Defendants' motion to dismiss Counts 18-21 for failure to allege a cognizable mail or wire fraud offense is DENIED. Defendants argue that an indictment for honest services mail or wire fraud must allege that the defendant engaged in self-dealing or received bribes or kickbacks, and allegations of a mere breach of a fiduciary duty are insufficient to support such a charge. In advancing this argument, Defendants rely on precedent from other circuits holding that evidence of self-dealing or kickbacks is necessary to sustain a conviction for honest services mail or wire fraud. See United States v. Rybicki, 354 F.3d 154 (2d Cir. 2003); United States v. Brown, 459 F.3d 509 (5th Cir. 2006). No Ninth Circuit authority suggests that specific allegations of self-dealing, bribery, or kickbacks are required in an indictment in order to properly charge honest services mail or wire fraud. However, even if such allegations were required to sustain an indictment, the Indictment alleges self-dealing conduct: "during the period of the fraudulent scheme," Dr. Nicholas "sold more than $1 billion of his Broadcom stock," and Mr. Ruehle "was granted Broadcom options that were millions of dollars in-the-money at the time of their grant." (Indictment ¶ 16.) Thus, the Indictment is not deficient and adequately informs Defendants of the charges against them.

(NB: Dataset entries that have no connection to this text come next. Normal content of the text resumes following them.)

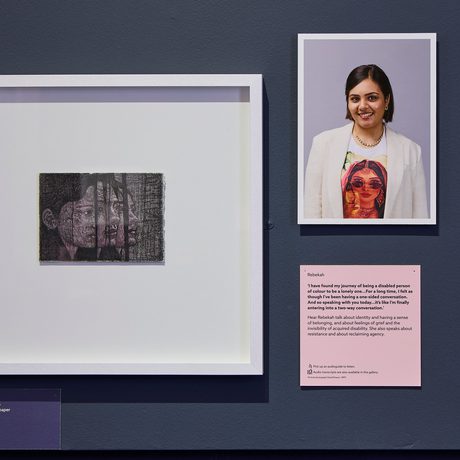 Close up of a drawing and portrait photograph on display.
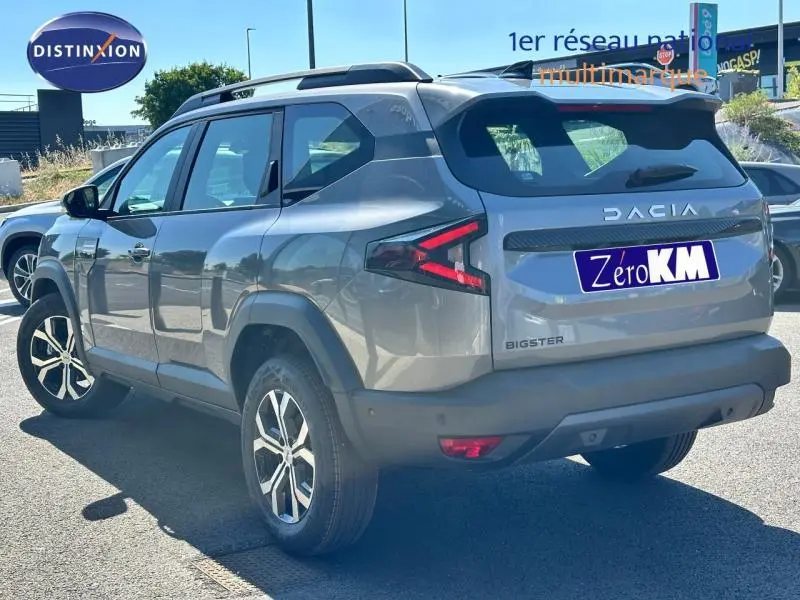 Vue 3/4 arrière droite du Dacia Bigster gris avec jantes alu et feux arrière LED distinctifs.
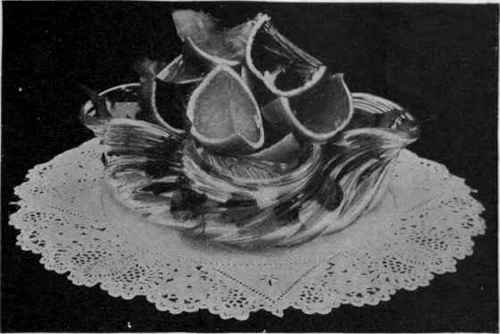 Orange jelly in cases of orange peel A. Ullyett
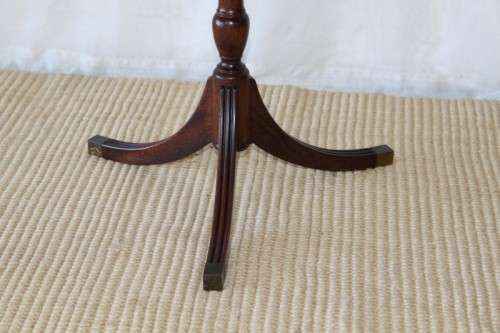 A MAGNIFICENT TEAK OCCASIONAL TABLE WITH BROAD RIMMED DETAILED TOP AND THREE BRASS TOE CAPS
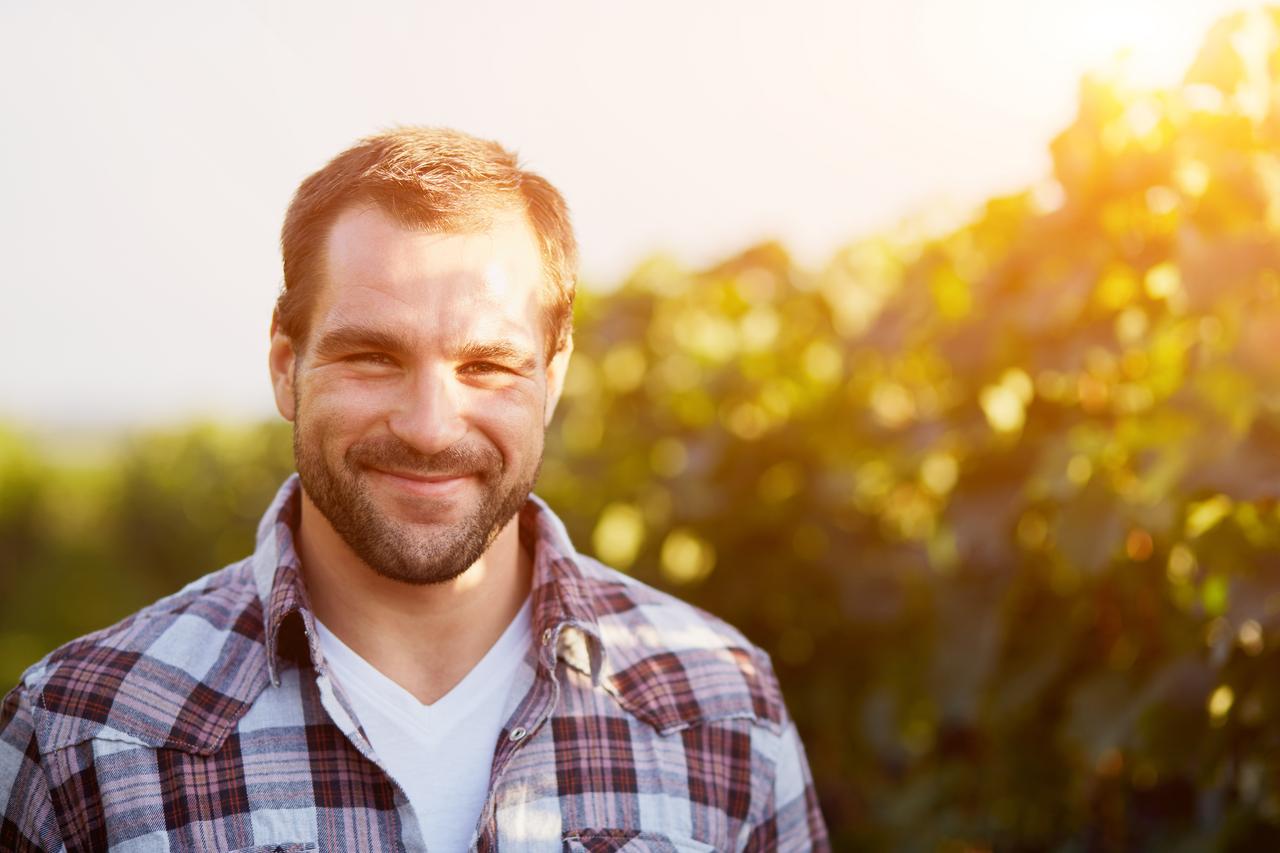 Man in checed shirt in garden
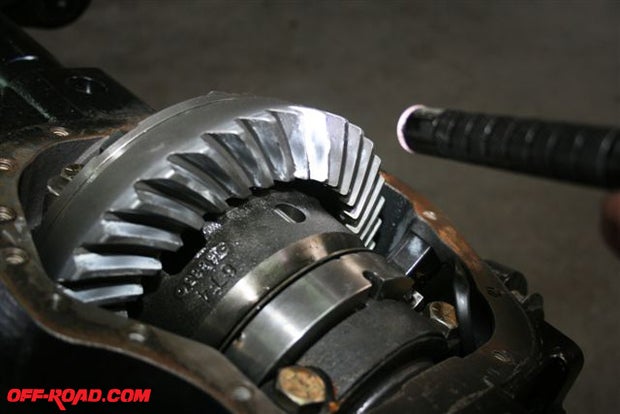 You must use a marking compound on the gears to determine if theyre set up correctly. Shims are used so that the pinion gear will contact the ring gear (shown here) in the center of the teeth.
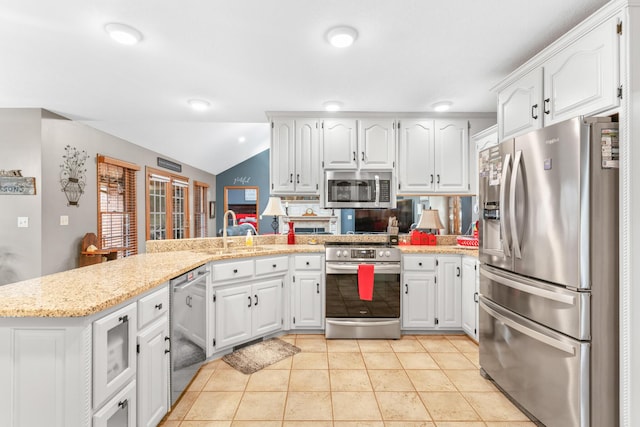 kitchen featuring white cabinetry, kitchen peninsula, and appliances with stainless steel finishes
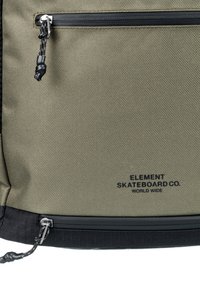 Olive green backpack with a textured surface, featuring a black zipper and logo “ELEMENT SKATEBOARD CO” at the bottom. Two zippered pockets available.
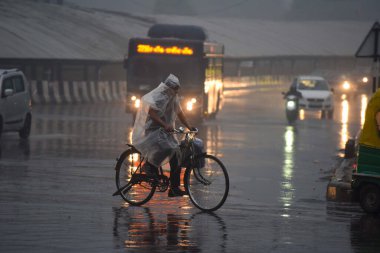 GURUGRAM INDIA DECEMBER 27 2024 People going to their workplace amid rain on a winter morning at Rajiv chowk near district court on December 27 2024 in Gurugram India Delhi and nearby areas received moderate to heavy rain on Friday leading to a drop  clipart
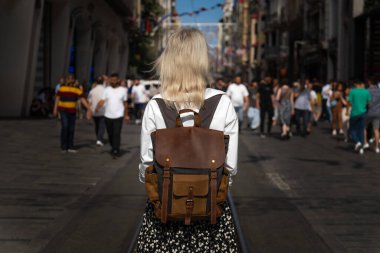 Güneşli bir günde İstanbul 'un popüler Istiklal caddesinin ortasında sırt çantalı, beyaz gömlekli, etekli, şık bir bayan turist duruyor. Seyahat kavramı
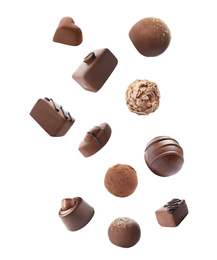 Falling different chocolate candies on white background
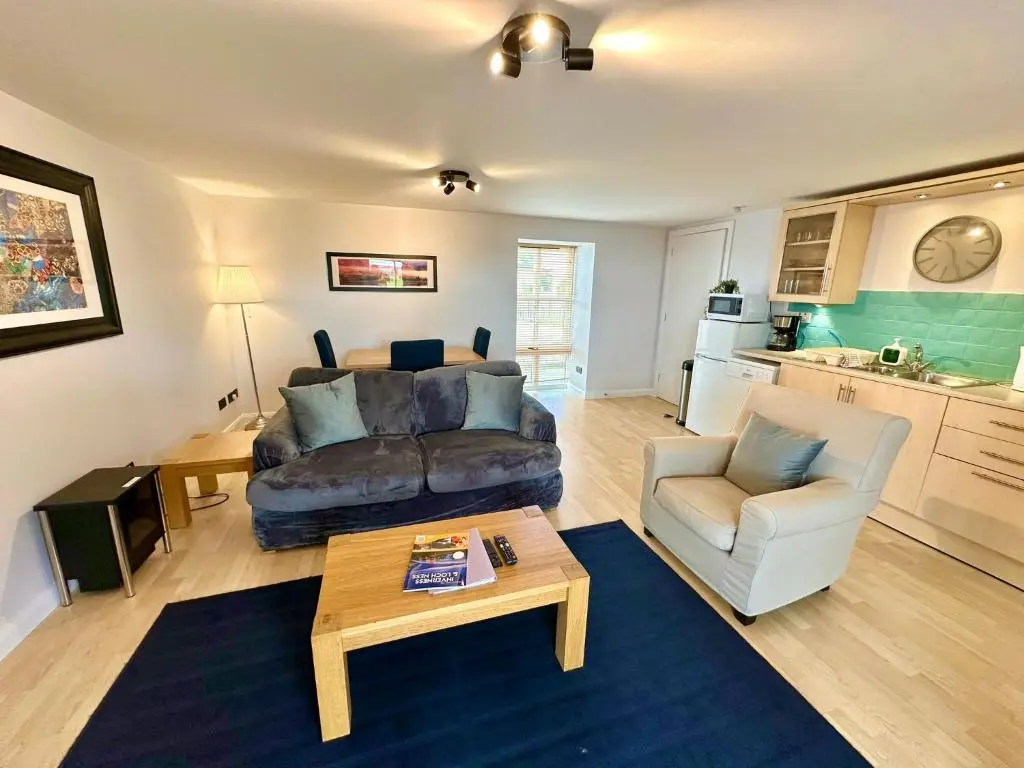 a living room with a couch and a table at Dolphin Bay Suites in Ardersier
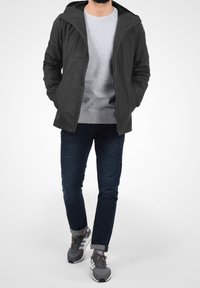 Harmaa kevyt takki hupulla, yhdistettynä harmaaseen neuleeseen, tummansinisiin farkkuihin ja harmaisiin urheilukengiin, seisten.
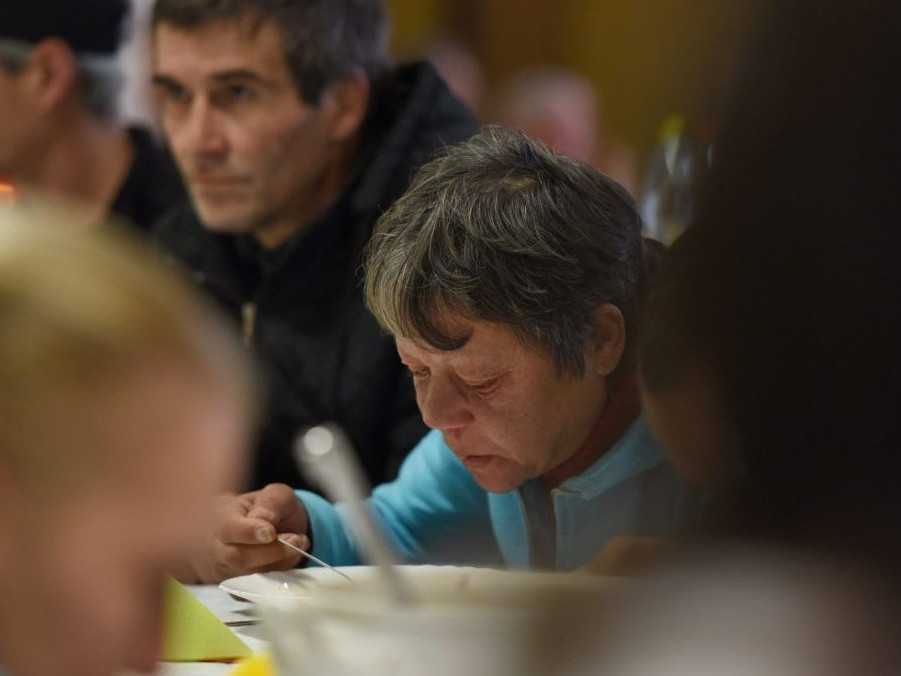 Ľudia bez domova počas charitatívnej vianočnej večere.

Defendants' motion to dismiss Counts 1 and 18-21 for failure to allege that Defendants acted willfully is DENIED. In order to charge conspiracy and mail or wire fraud, the indictment must allege that the defendant acted with the requisite intent. Conspiracy requires the intent to commit the substantive crime alleged. United States v. Sullivan, 522 F.3d 967, 976 (9th Cir. 2008). And wire or mail fraud requires the specific intent to defraud. 18 U.S.C. § 1341; United States v. Bonallo, 858 F.2d 1427, 1433 (9th Cir. 1988). Count 1 charges Defendants with "knowingly" conspiring to commit the alleged offenses. (Indictment ¶ 18.) With respect to Counts 18-21, the Indictment alleges that Defendants acted "knowingly and with the intent to defraud." (Indictment ¶ 148, 151.) Defendants fail to cite any legal authority to support the proposition that "knowingly" does not adequately describe the requisite mens rea for the offenses charged, and the Ninth Circuit Model Jury Instructions do not suggest that knowledge and willfulness are independent elements of either crime. Accordingly, Counts 1 and 18-21 properly allege the requisite intents for the crimes charged.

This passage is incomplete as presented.